§ **What you are asked to do**:
Below are the records; give again exactly the line with "Personalised Black Hearts", the line with "Women 4 PCS", and each line that lies between them, and nothing besides.

§ **Data provided**:
== == ==

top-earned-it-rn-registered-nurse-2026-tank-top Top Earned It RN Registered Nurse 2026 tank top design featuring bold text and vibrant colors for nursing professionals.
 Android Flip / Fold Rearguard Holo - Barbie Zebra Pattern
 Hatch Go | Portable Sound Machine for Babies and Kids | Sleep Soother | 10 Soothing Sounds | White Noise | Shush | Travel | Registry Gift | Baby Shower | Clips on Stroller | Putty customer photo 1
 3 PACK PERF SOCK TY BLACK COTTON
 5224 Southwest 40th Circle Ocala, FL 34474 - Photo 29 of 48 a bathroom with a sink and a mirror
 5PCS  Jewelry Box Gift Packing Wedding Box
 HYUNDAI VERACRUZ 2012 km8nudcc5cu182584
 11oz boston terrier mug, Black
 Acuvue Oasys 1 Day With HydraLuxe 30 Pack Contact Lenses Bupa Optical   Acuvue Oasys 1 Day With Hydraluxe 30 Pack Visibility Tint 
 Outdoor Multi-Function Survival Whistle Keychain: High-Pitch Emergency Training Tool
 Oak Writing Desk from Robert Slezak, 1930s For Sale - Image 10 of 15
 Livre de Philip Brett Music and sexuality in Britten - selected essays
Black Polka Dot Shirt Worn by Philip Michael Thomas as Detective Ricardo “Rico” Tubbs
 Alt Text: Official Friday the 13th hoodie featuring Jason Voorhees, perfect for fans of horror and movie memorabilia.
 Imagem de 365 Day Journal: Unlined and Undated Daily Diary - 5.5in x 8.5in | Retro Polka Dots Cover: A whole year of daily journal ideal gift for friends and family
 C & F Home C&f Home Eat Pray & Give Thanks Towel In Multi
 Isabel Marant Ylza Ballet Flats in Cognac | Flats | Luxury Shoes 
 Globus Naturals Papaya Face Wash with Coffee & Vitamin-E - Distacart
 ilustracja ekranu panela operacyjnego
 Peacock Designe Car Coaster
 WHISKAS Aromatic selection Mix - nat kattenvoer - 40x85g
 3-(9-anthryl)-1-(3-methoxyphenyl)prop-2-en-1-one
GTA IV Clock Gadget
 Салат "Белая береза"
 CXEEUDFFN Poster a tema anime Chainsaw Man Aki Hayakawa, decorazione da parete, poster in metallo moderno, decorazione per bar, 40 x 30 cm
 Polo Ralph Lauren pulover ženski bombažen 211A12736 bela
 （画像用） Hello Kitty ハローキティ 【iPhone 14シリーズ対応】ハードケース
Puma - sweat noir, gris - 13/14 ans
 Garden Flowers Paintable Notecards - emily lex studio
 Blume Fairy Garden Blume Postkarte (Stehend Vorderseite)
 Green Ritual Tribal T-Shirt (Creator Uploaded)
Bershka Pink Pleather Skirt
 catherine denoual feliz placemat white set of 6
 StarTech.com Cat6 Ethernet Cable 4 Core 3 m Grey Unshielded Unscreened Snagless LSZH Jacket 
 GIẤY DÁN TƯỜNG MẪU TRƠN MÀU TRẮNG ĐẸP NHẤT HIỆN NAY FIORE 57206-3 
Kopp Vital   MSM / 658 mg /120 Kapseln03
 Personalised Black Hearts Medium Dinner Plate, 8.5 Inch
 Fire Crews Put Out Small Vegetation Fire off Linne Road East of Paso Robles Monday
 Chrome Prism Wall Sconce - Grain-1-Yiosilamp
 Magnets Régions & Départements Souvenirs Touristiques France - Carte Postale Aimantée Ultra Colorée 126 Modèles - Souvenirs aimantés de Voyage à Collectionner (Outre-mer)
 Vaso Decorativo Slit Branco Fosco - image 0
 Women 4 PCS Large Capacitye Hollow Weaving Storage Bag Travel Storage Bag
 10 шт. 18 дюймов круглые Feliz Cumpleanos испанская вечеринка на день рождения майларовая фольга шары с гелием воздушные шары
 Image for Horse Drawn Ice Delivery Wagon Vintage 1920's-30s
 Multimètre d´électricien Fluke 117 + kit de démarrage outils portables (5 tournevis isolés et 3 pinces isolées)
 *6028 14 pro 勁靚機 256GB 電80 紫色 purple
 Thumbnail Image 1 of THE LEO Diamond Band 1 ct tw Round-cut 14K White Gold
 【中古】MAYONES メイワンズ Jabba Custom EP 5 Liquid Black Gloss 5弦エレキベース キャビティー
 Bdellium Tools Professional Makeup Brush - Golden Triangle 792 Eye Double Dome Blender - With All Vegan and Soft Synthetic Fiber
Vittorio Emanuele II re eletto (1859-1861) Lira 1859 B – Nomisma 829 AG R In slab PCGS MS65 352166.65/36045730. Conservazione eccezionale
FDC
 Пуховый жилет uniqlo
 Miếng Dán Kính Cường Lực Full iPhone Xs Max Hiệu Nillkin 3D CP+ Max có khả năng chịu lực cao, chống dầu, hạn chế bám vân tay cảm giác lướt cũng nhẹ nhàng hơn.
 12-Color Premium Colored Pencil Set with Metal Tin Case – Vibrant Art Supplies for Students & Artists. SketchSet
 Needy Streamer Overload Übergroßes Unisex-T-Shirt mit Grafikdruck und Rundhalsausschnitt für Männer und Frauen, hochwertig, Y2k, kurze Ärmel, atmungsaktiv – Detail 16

== == ==

§ **Output of the exercise**:
 Personalised Black Hearts Medium Dinner Plate, 8.5 Inch
 Fire Crews Put Out Small Vegetation Fire off Linne Road East of Paso Robles Monday
 Chrome Prism Wall Sconce - Grain-1-Yiosilamp
 Magnets Régions & Départements Souvenirs Touristiques France - Carte Postale Aimantée Ultra Colorée 126 Modèles - Souvenirs aimantés de Voyage à Collectionner (Outre-mer)
 Vaso Decorativo Slit Branco Fosco - image 0
 Women 4 PCS Large Capacitye Hollow Weaving Storage Bag Travel Storage Bag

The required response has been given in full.